You know you’ve become popular when CBS News photoshops your van flying over Duke Chapel.
It’s been an interesting week. “I live in a Van down by Duke University” was the #1 most read story on Salon this past Monday and Tuesday, tallying well over 200,000 hits—more hits in one day than this blog has received since I started it a year ago.
Some more random numbers:
-200,000 new people have seen my pale, patchy-haired chest
-86 Facebook messages—compared to the usual zero—were found in my inbox immediately after the article
-100 people “friended” me
-2 literary agents offered their services to expand the article into a book (which I most likely will accept)
-1 publishing company did the same
Radio shows On Point of NPR, The Story with Dick Gordon and The Ron Reagan Show requested interviews. So did the TV show Fox and Friends. Inside Edition wants to follow me around at Duke for a couple days. Allegedly, host Deborah Norville was “amused/impressed” with it. The Buffalo News is calling my parents’ home and the Raleigh News and Observer had me on their cover. Rumor has it I was mentioned in USA Today and—most oddly—the AOL Auto Section mentioned me and posted this photo.
I emailed my mom to tell her that—among my many media requests—Oprah called, but I turned her interview down because I don’t degrade myself to “second-rate” programs now that I’ve gone “big-time”: news so shocking to my mother that I might as well had told her—a devout member in the Church of Oprah—that I was joining the military to be part of the surge in Afghanistan for “shits and giggles.” Her response:
WHAT?????????? PLEASE TELL ME YOU ARE KIDDING. DID OPRAH REALLY CONTACT YOU?
Oprah, for the record, never contacted me.
To be honest, this whole fame thing has me feeling a bit queasy. I’m overwhelmingly ambivalent about it all.

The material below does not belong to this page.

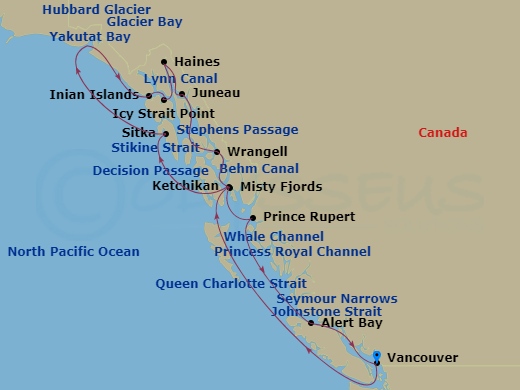 14 Night - Glacier Bay, Fjords & Inside Passage - Seabourn Encore - Starting in Vancouver, BC, CA, Transit the Seymour Narrows, Cruising the Queen Charlotte Sound, Ketchikan, Alaska, Transit Snow Pass, Transit Decision Passage, Sitka, Alaska, Glacier Bay, Inian Islands, Alaska, Icy Strait Point, Alaska, Haines, Alaska, Cruising Lynn Canal, Juneau, Alaska, Glacier Bay, Cruising Chatham Strait, Transit Decision Passage, Wrangell, Alaska, Cruising Stikine Strait, Cruising Behm Canal, Rudyerd Bay (Misty Fjords), Scenic cruising Misty Fjords, Prince Rupert, British Columbia, Canada, Scenic cruising Grenville Channel, Scenic cruising Whale Channel, Scenic cruising Princess Royal Channel, Alert Bay, British Columbia, Canada, Scenic cruising Johnstone Strait, Transit the Seymour Narrows, Vancouver, BC, CA itinerary map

If I did go on these shows—would I be doing it to share the boons and drawbacks of my radical lifestyle or would I merely be indulgently reveling in my fifteen minutes of fame? I’m not sure. Really, I have little desire to indulge, but feel some vague sense of duty to give into their requests.
I haven’t been able to give nearly anyone an interview since the article published because I’m in the North Carolinian mountains taking a 9-day Wilderness First Responder course where I have limited internet and no cell phone coverage. This also means that I haven’t been on campus to receive praise or heckles from the student body (or admonishment from campus administration).
In the News and Observer article, though, the writer contacted Duke administration to get a statement about their position regarding my van. Ferreri, the journalist, reported that “a Duke official said that while the university doesn’t encourage Ilgunas’ method of housing, he doesn’t appear to be violating any campus rules.”
Duke spokesman Michael Schoenfeld added this:
“Our first concern is for his health and safety, and we offer guidance and counsel to help him transition to a new home. That said, it is certainly a creative part of his education, though I don’t think Thoreau had to worry about parking tickets at Walden.”
A respectable response, given that I just advertised Duke’s “egregiously” high costs to the country at large. I got a giggle out of the “guidance and counsel” line, which is a subtle way—I think—of taking a jab at me. I can just see the counselor and I sitting together; she asking me—in the politest terms—why I’ve decided to live in a van while thinking to herself—as I drone on about Thoreau and dreams and adventure—“This guy’s fucking insane!”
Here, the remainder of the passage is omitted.